> _What to do_
Could you restate the entries below word for word and leave the images out?

Pictures with short captions
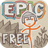 icon Draw a Stickman: EPIC(Teken een Stickman: EPIC Free) 1.3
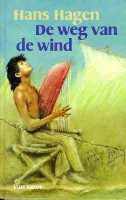 De weg van de wind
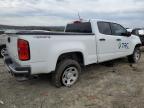 2021 Chevrolet Colorado  на продаже в Chatham, VA - Front End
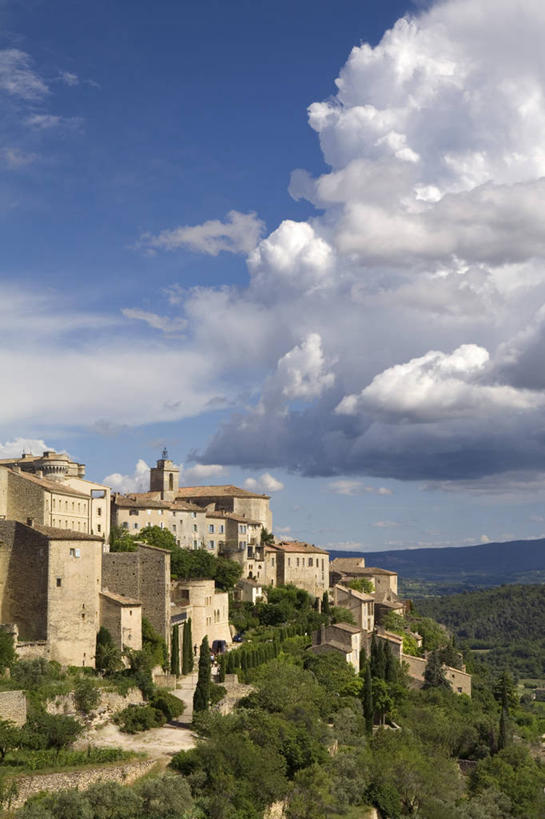 无人,竖图,山,法国,欧洲,乡村,摄影,西欧,普罗旺斯,法国文化,沃克吕兹,彩图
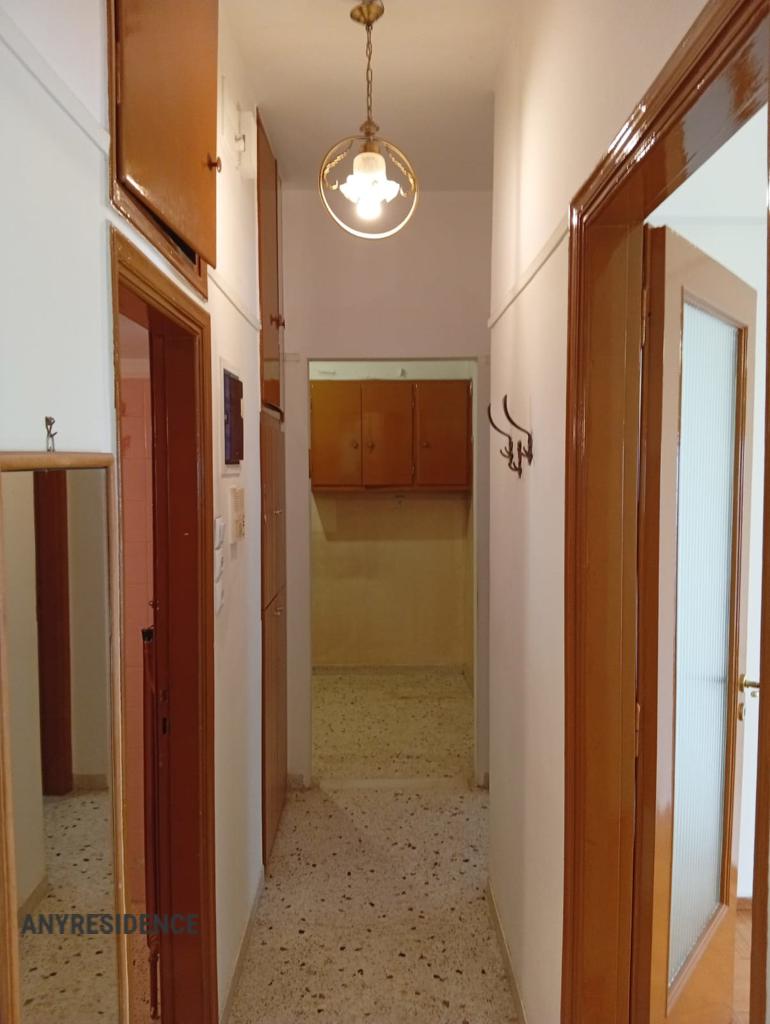 2-комн. квартира в Афинах, фото №8, объявление №2524251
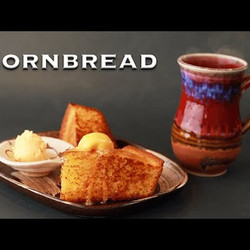 Cornbread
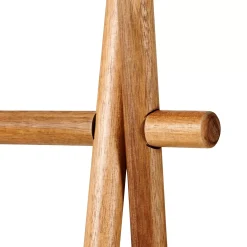 CASA Ritto Ropero Natural Best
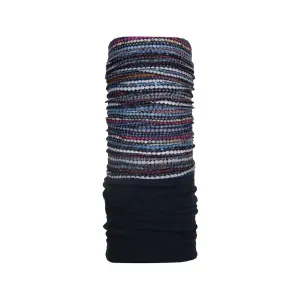 Polartec Neck Gaiter MATT Solidarity Perlas image-0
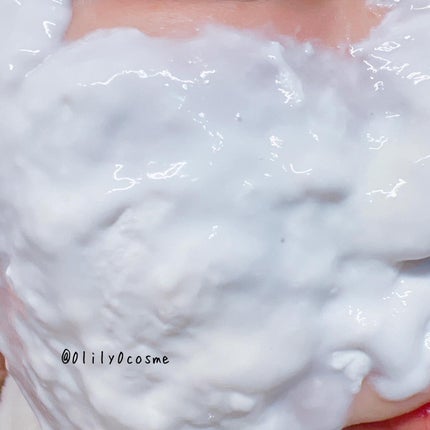 グリーントマトクレイマスククレンザー/FULLY/洗い流すパック・マスクを使ったクチコミ(9枚目)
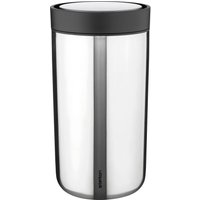 Stelton - To Go Click Thermo Trinkbecher von Stelton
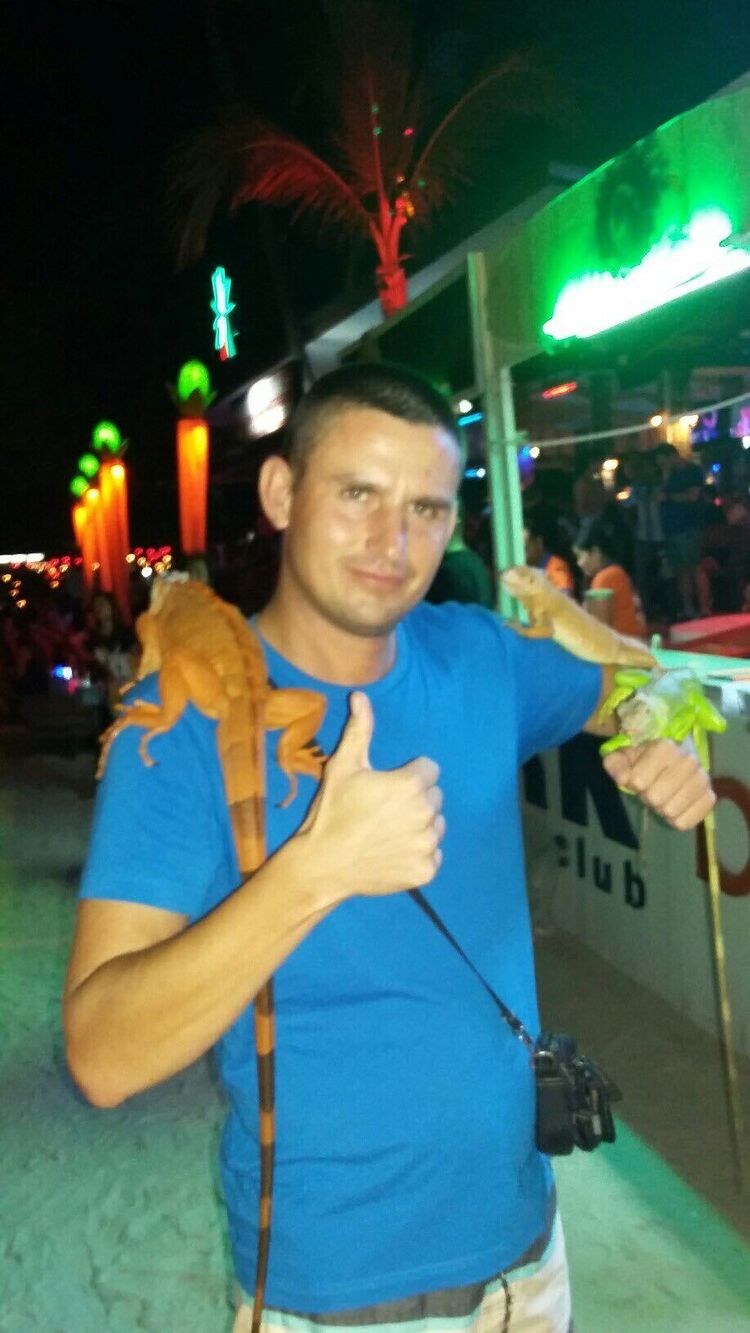 ���������� �����������, ���� ����� �������, 25 ���, ������������ ��� ������, ����� � ���������, c�������� ���������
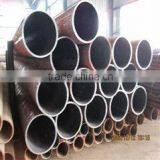 Large Diameter S355 API 5LGRB LSAW Steel Tubing thumbnail-2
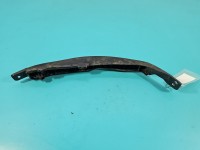 Ślizg zderzaka przód lewy Opel Insignia B 13491381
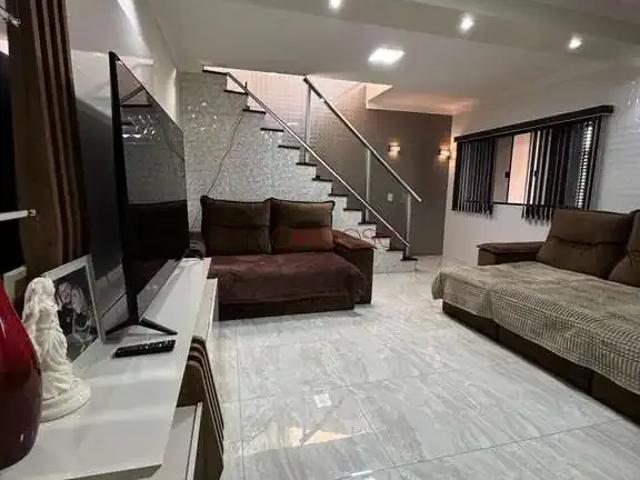 Casa venda em Região Geográfica Imediata do Distrito Federal, Região Integrada de Desenvolvimento do Distrito Federal e Entorno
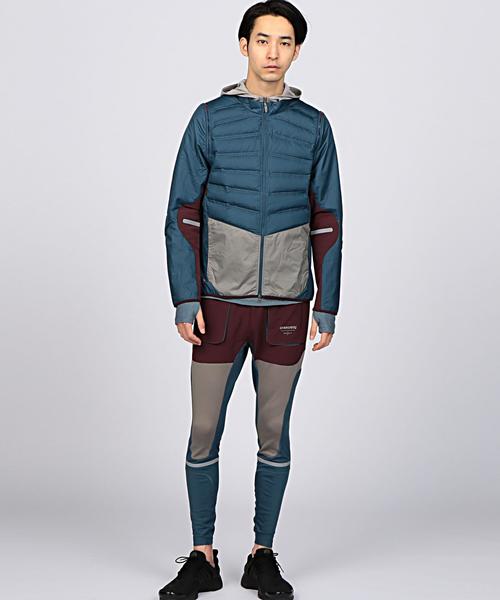 GYAKUSOU（ギャクソウ）の「NIKE（ナイキ） GYAKUSOU エアロロフト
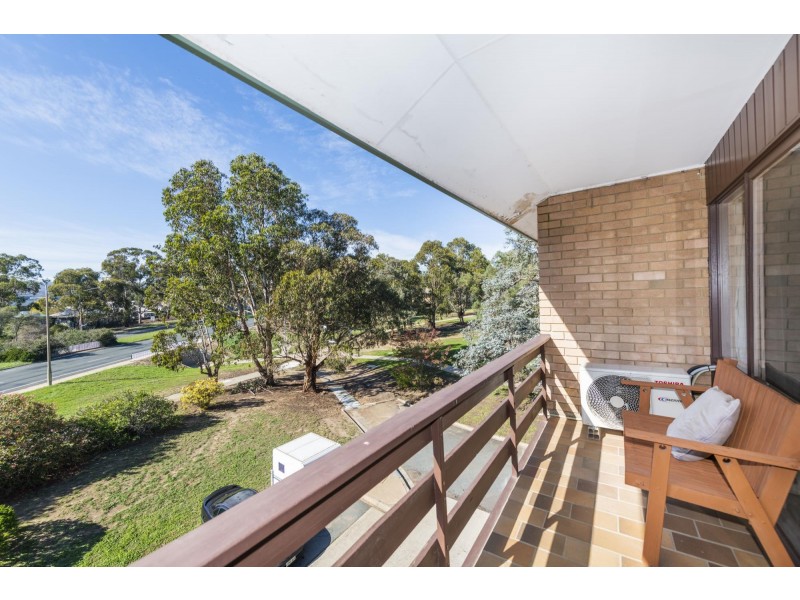 34/8 Corinna Street, Lyons ACT 2606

> _Written answer_
 icon Draw a Stickman: EPIC(Teken een Stickman: EPIC Free) 1.3
 De weg van de wind
 2021 Chevrolet Colorado  на продаже в Chatham, VA - Front End
 无人,竖图,山,法国,欧洲,乡村,摄影,西欧,普罗旺斯,法国文化,沃克吕兹,彩图
 2-комн. квартира в Афинах, фото №8, объявление №2524251
 Cornbread
 CASA Ritto Ropero Natural Best
 Polartec Neck Gaiter MATT Solidarity Perlas image-0
 グリーントマトクレイマスククレンザー/FULLY/洗い流すパック・マスクを使ったクチコミ(9枚目)
 Stelton - To Go Click Thermo Trinkbecher von Stelton
 ���������� �����������, ���� ����� �������, 25 ���, ������������ ��� ������, ����� � ���������, c�������� ���������
 Large Diameter S355 API 5LGRB LSAW Steel Tubing thumbnail-2
 Ślizg zderzaka przód lewy Opel Insignia B 13491381
 Casa venda em Região Geográfica Imediata do Distrito Federal, Região Integrada de Desenvolvimento do Distrito Federal e Entorno
 GYAKUSOU（ギャクソウ）の「NIKE（ナイキ） GYAKUSOU エアロロフト
 34/8 Corinna Street, Lyons ACT 2606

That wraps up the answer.